Task instructions: The required output is the exact run of lines in the listing below from the line holding "A while loop" through the line holding "You'll notice when", with no pictures.

Supplied entries:

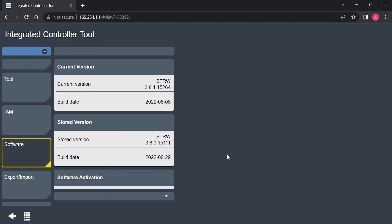Here, you'll see the current version that is stored within the STR wrench, as well as the stored version in the STR wrench.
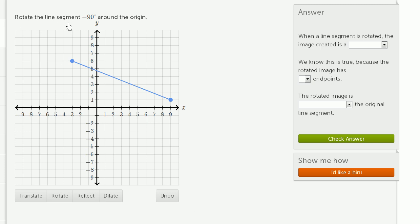We're asked to rotate the line segment negative 90 degrees around the origin. So this is our line segment. We want to rotate it around the origin. So let's use our rotate tool.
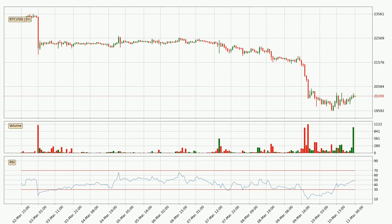Jumping to the hourly relative strength index, the current hourly RSI is at 49, so there are currently no signs of the crypto being overbought or oversold. Searching for divergence in the hourly time frame, there was a bullish divergence and the price already went up.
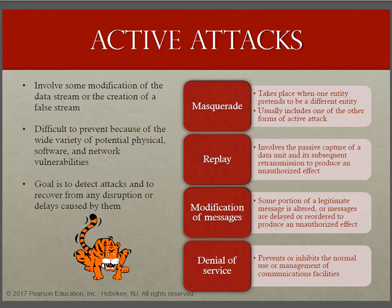The fourth one is denial of service, which prevents or inhibits the normal use or management of communication facilities — referring to availability. This attack might have a specific target; for example, an entity may suppress all messages directed to a particular destination such as the security audit service. Another form is a disruption of an entire network, either by disabling the network or by overloading it with a lot of messages.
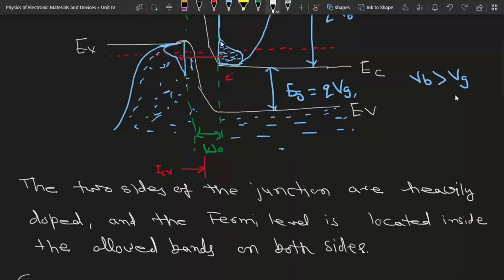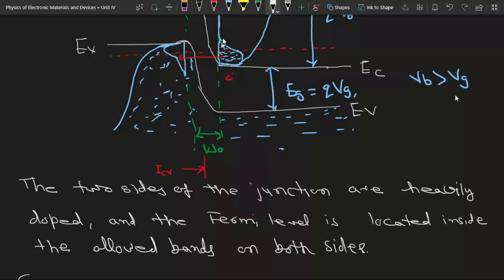If you are confused about these filled and empty states, we only need to apply the Fermi-Dirac formula — using the doping value and energy — to get the density of states. Similarly, by applying the formula for holes, we can get the number of empty states. When we draw these states with respect to energy, we can draw this diagram easily. Here the electrons are tunneling to the p-side, and due to this tunneling we get a current equal to ICV.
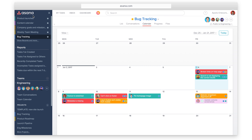View any project on a calendar to keep track of deadlines and make sure you're on schedule. Colors of tasks that live in multiple projects and custom field colors are visible to easily assess priority, stage, and more.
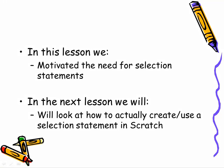So in summary, in this video we've motivated the need for some idea of selection when we're writing code, the ability to pick from multiple paths of action. What we'll look at in our next lesson is how we actually do that in Scratch through the use of a selection statement.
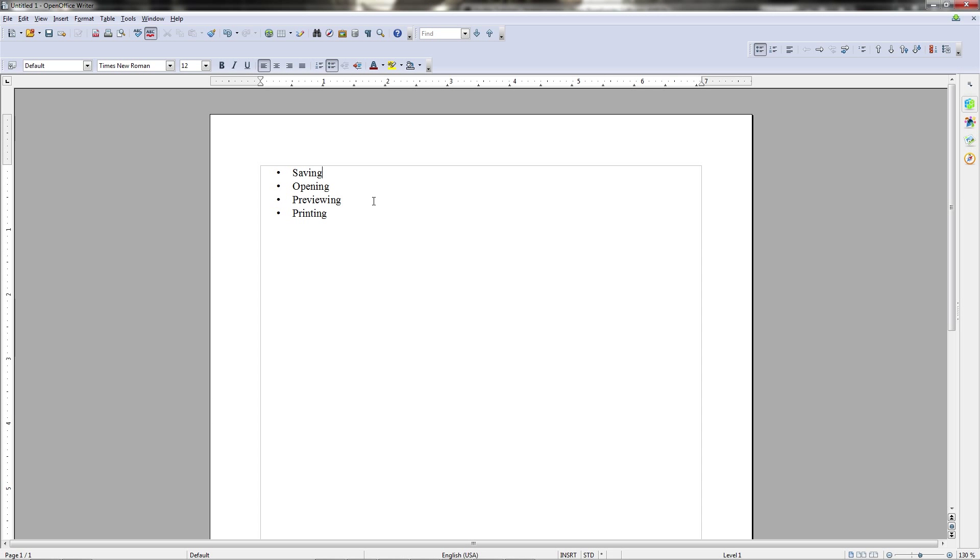In today's video, we're going to be covering saving, opening, previewing, and printing documents.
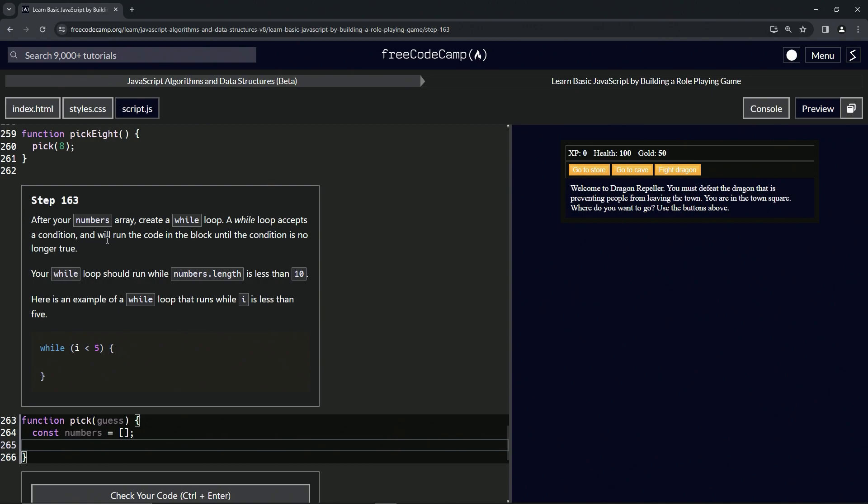A while loop accepts a condition and will run the code in the block until the condition is no longer true. Our while loop should run while numbers.length is less than 10.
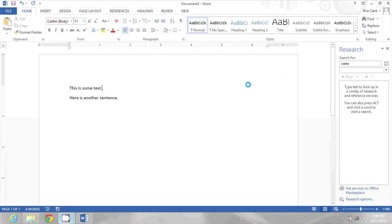You'll notice when I alt-clicked that the research pane took a little time to come up and now my cursor is spinning as it works.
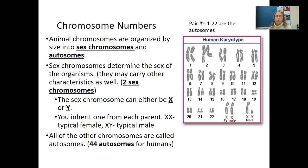Animal chromosomes are organized by size into sex chromosomes and autosomes. Sex chromosomes determine the sex of the organism and may carry other characteristics. Animals such as humans have two sex chromosomes — either X or Y. You inherit one from each parent: XX is a typical female and XY is a typical male. We have 22 pairs of chromosomes plus the sex chromosomes, giving 44 autosomes and 2 sex chromosomes, making 46 total.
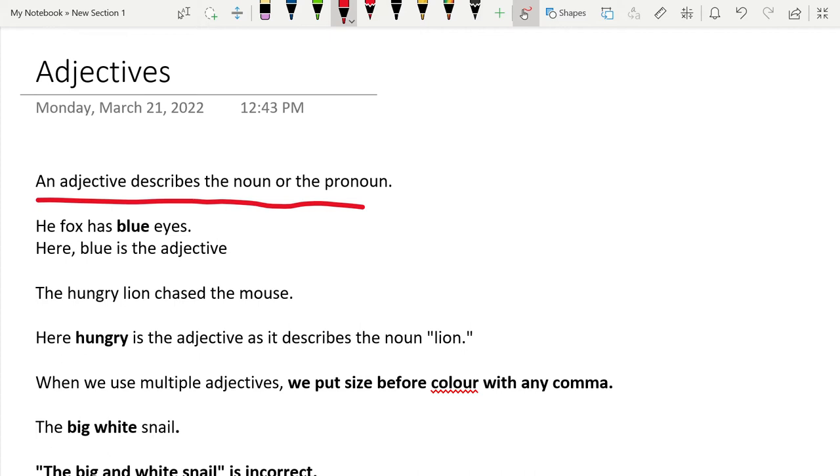The fox has blue eyes. Here, blue is the adjective because it's describing the fox. The fox's eyes are blue, so you're going to say that blue is the adjective.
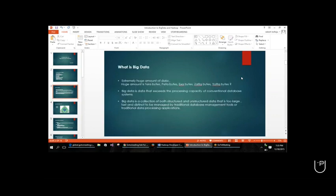If you ask a novice user about what exactly big data means, as a basic thing, big data is nothing but an extremely huge amount of data - that is large data. That is what usually a novice user will tell you. So is big data really just a large amount of data? Is it like a few hundreds of terabytes, petabytes, exabytes? What is the size of data we call big data? That is the first question coming into our mind.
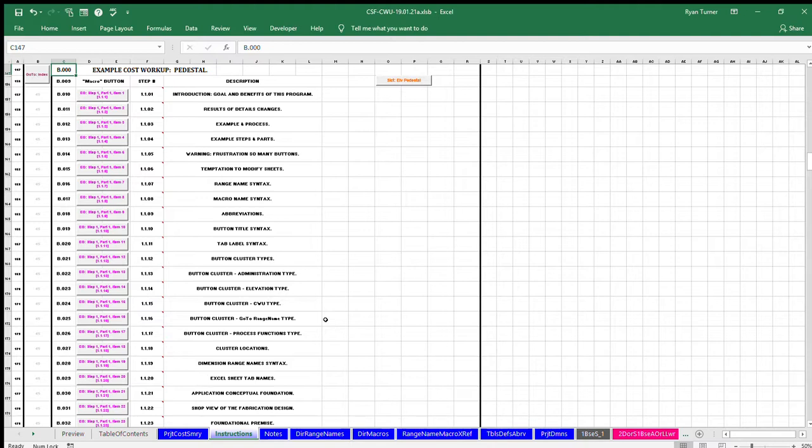The instruction example covers foundation principles and demonstrates the process by calculating the cost of a pedestal fixture step by step.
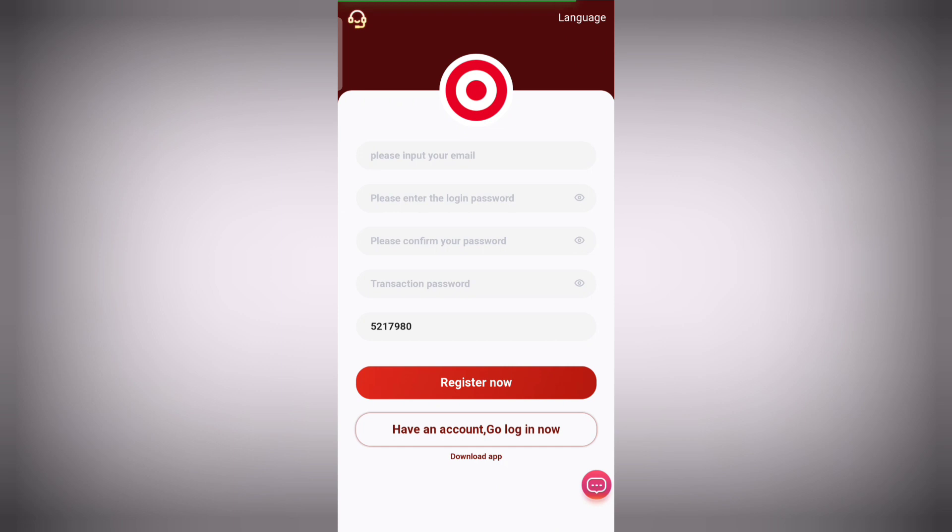To register, fill all the details such as email ID, enter login password, re-enter the password for confirmation, and enter your transaction password. Your registration will be done.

Result for this exercise:
A while loop accepts a condition and will run the code in the block until the condition is no longer true. Our while loop should run while numbers.length is less than 10.
You'll notice when I alt-clicked that the research pane took a little time to come up and now my cursor is spinning as it works.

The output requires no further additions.